For my final project, I tried visualizing space in a new way by applying image manipulation to photos of planets. In order to accomplish this, I used brightness tracking to enable users’ interaction with the images on the screen, and also the pixel array in Processing.

I used only code for my project. Initially, I planned to mount an LED on a box to replicate a flashlight. However, in the end, I was running out of time, so I resorted to using the flashlight on my phone. After seeing people interacting with my project, I wished I could have replicated a flashlight in some way, not necessarily any complicated model, but only something that can enable people to play with light in a different way, for example, Tayla’s box. Because I was experimenting how to visualize space in a different way, having something that emits light but does not look like a flashlight would have provided a more complete experience.

As my project is about image manipulation, rather than learning new code, I was mostly tinkering with the Pixel Array and Objects. Besides Daniel Shiffman’s Image Manipulation series, I also consulted his Purple Rain Challenge to create the rain effect in my project.

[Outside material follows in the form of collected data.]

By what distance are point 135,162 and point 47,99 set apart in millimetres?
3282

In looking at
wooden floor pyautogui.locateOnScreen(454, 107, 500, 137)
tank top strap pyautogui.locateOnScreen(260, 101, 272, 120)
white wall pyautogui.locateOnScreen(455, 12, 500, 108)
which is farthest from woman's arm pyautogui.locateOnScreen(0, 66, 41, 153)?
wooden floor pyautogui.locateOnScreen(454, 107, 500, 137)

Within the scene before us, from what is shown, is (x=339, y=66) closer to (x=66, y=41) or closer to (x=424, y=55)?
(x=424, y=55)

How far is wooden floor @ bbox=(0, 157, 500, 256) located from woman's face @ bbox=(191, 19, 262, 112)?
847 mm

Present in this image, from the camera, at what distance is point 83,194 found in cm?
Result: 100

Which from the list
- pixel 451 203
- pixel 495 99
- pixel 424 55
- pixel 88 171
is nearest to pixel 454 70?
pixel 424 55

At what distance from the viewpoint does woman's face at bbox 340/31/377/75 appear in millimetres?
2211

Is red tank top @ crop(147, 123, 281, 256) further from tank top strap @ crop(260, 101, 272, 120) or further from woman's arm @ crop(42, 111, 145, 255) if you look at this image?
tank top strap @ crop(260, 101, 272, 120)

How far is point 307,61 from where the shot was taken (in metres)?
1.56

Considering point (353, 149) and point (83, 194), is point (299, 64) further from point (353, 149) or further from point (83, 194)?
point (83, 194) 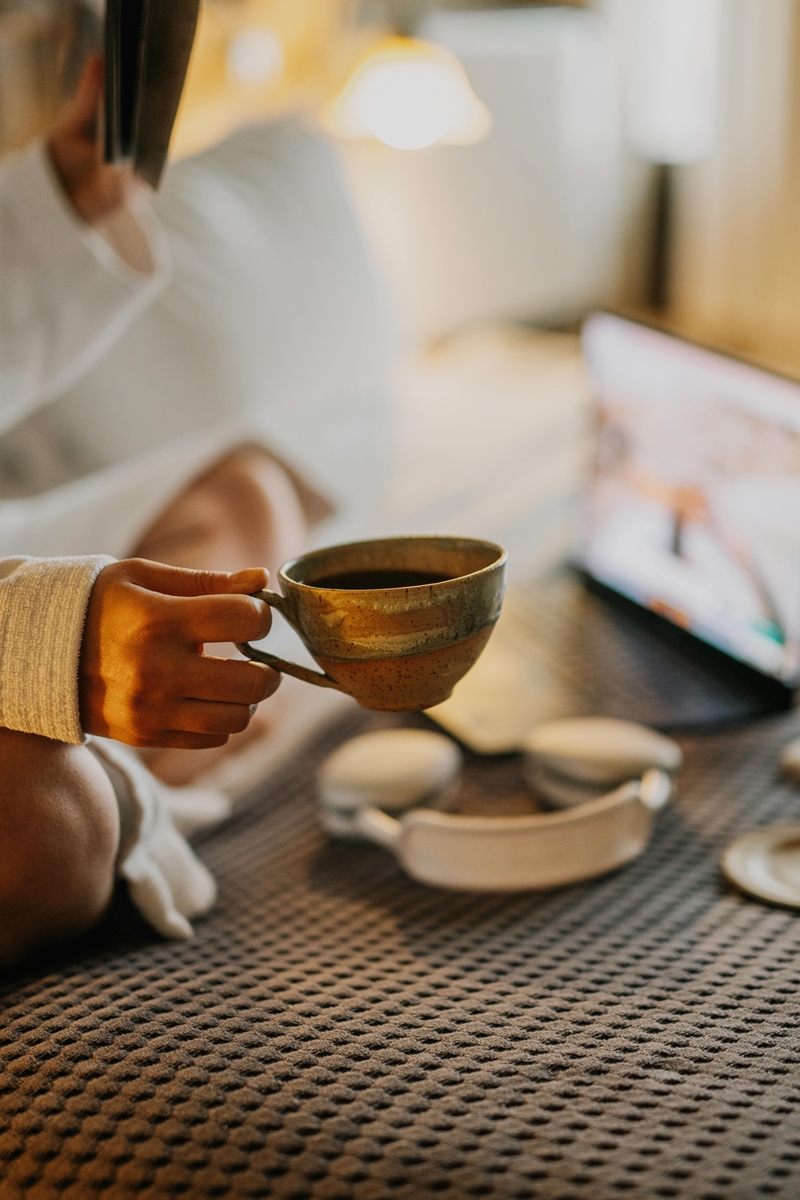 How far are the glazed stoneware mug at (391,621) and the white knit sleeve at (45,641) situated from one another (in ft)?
0.24

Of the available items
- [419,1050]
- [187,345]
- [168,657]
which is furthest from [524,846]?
[187,345]

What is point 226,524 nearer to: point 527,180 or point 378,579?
point 378,579

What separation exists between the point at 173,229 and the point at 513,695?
65 cm

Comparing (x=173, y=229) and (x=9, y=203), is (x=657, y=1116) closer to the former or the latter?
(x=9, y=203)

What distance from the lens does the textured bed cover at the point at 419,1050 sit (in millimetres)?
449

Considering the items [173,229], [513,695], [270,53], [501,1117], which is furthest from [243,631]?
[270,53]

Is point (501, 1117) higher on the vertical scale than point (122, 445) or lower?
lower

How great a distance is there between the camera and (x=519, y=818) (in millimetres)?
795

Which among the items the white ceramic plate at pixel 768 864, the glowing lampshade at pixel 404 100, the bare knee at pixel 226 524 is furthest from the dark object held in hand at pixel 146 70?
the glowing lampshade at pixel 404 100

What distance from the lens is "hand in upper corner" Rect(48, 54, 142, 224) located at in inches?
32.9

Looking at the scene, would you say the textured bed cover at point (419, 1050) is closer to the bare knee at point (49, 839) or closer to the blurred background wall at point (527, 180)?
the bare knee at point (49, 839)

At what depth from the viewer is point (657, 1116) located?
475 mm

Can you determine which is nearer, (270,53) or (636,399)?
(636,399)

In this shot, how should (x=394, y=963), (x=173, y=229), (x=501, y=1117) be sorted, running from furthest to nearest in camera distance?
1. (x=173, y=229)
2. (x=394, y=963)
3. (x=501, y=1117) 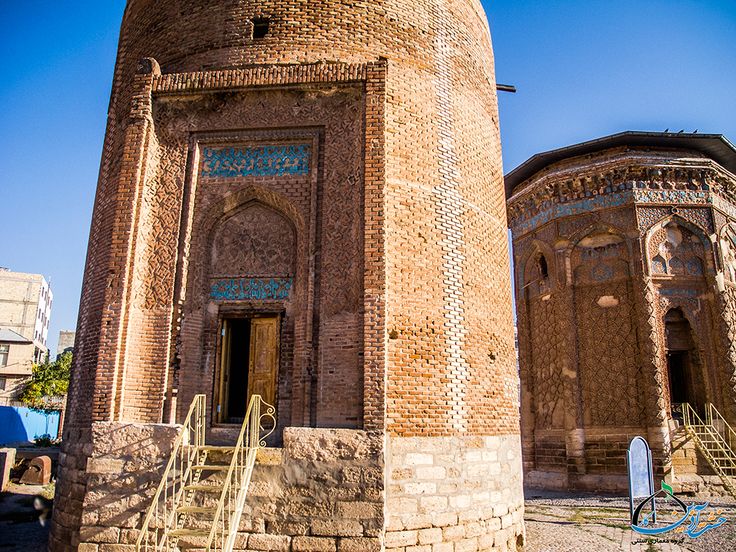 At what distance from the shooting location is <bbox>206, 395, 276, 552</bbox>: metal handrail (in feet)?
20.9

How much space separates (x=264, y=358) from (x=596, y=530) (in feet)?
21.2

For my project, I use Processing to track brightness and manipulate images. The program tracks the brightest pixel and uses it control the pixels on the screen. I manipulate photos of 3 planets:

  1. Earth: When the user moves the flashlight from left to right, Earth will gradually explode, in other words, the z-coordinate of each pixel increases. And as Earth is exploding, the user can see themselves on screen because the background takes in data from the camera.
  2. Jupiter: As I found the colors of Jupiter make a very nice color scheme, I decided to let the user draw with those colors. As the user moves the flashlight from left to right, the “brush” will follow their motion horizontally. However, then the user moves the flashlight up and down, he is changing the z-coordinate of the brush, so that the brush stroke appears as if it was coming farther away or closer towards him.
  3. Venus: I make a particle rain using the colors of Venus. Each circle/particle takes the color of one pixel in the photo of Venus and moves from top to bottom of the screen and back again. With 10,000 circles moving at the same time, it looks as if the particles were raining onto Venus and painting Venus at the same time. When the user moves the mouse from left to right, he is also controlling the speed of the rain. Unfortunately, I could not use brightness tracking in this part of my program because my computer cannot handle the 10,000-object array and the pixel array at the same time. I did try adapting this part of my program so that it would also use brightness tracking. However, I could not retain the rain effect so I decided to resort to the mouse instead.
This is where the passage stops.